Crystal and Morphology Design of Dittmarite-Type Ammonium Iron–Manganese Phosphates, NH4Mn1–xFexPO4·H2O, as Precursors for Phospho-olivine Electrodes

This study provides the first data on the preparation of ammonium iron–manganese phosphates monohydrates, NH4Mn1–xFexPO4·H2O, with a dittmarite-type structure in the whole concentration range. The structure, Mn2+/Fe2+ distribution over 2a crystallographic site, and morphology of the mixed dittmarite salts are assessed by means of powder X-ray diffraction, infrared spectroscopy, electron paramagnetic resonance spectroscopy, and scanning electron microscopy.

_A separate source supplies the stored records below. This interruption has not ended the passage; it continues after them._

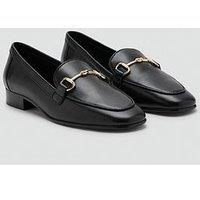 Mango Buckled Leather Loafer Shoes - Black
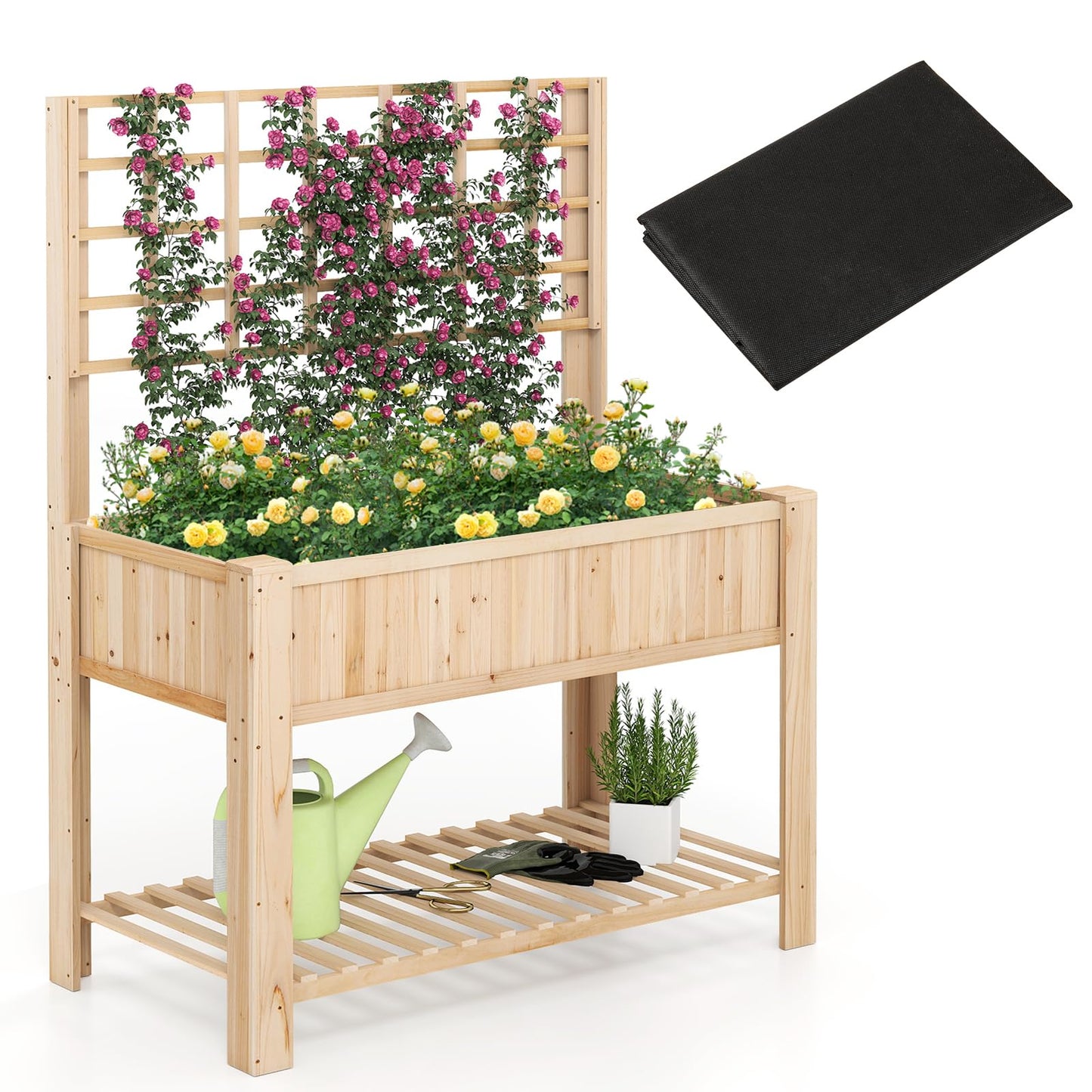 2 Tier Raised Garden Bed with Trellis for Climbing Plants Vines Fruit
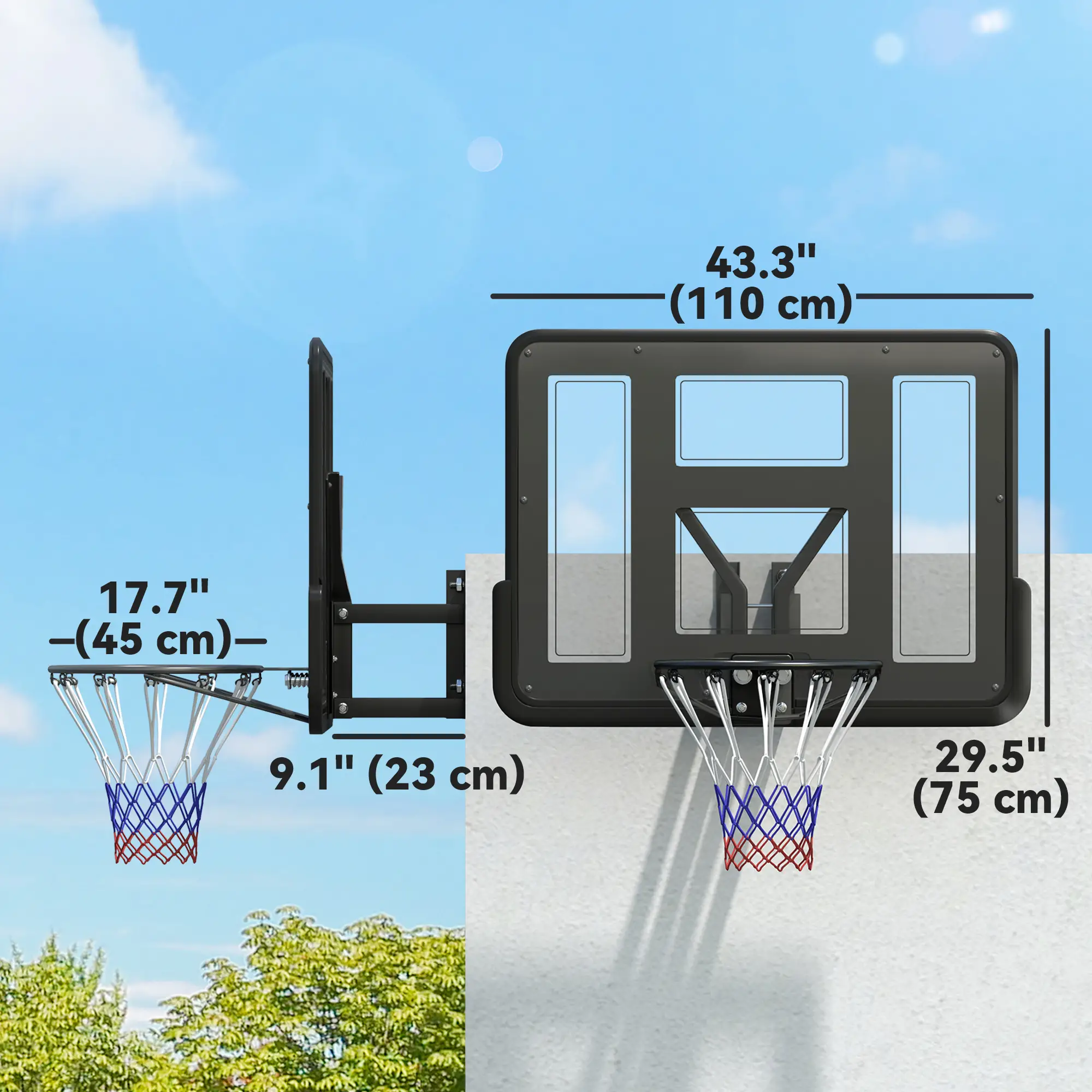 Wall Mounted Basketball Hoop, 43" Shatter Resistant Backboard, All Weather Net - Image 3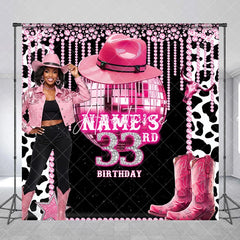 Aperturee - Aperturee Custom Pink Disco Cowgirl 33rd Birthday Backdrop with Glitter Disco Ball and Cowboy Boots Glam Western Party Decor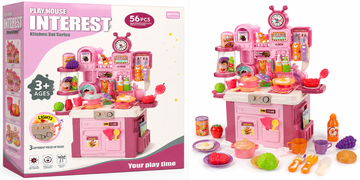 Set bucatarie pentru copii 56 piese cu lumini și sunete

The mixed dittmarite salts participate in reactions of ion exchange with Li+ and Na+ ions, and as a result lithium and sodium phospho-olivines, LiMn1–xFexPO4 and NaMn1–xFexPO4, are formed at low temperature. The main advantage of this synthesis route is that the homogeneous Mn/Fe distribution in the metal-phosphate layers of the dittmarite structure is transmitted to the target olivine structure without any reorganization, thus providing phospho-olivines largely free of antisite defects. Despite the use of one and the same precursor, the morphology of the lithium and sodium phases differ remarkably. The electrochemical properties of LiMn0.8Fe0.2PO4 and NaMn0.8Fe0.2PO4 phospho-olivines are tested in model two electrode cells versus lithium anode and LiPF6-based electrolyte. It has been found that both phospho-olivines are able to intercalate alkali ions reversibly, which determines their potential for application as electrode materials for lithium and sodium ion batteries.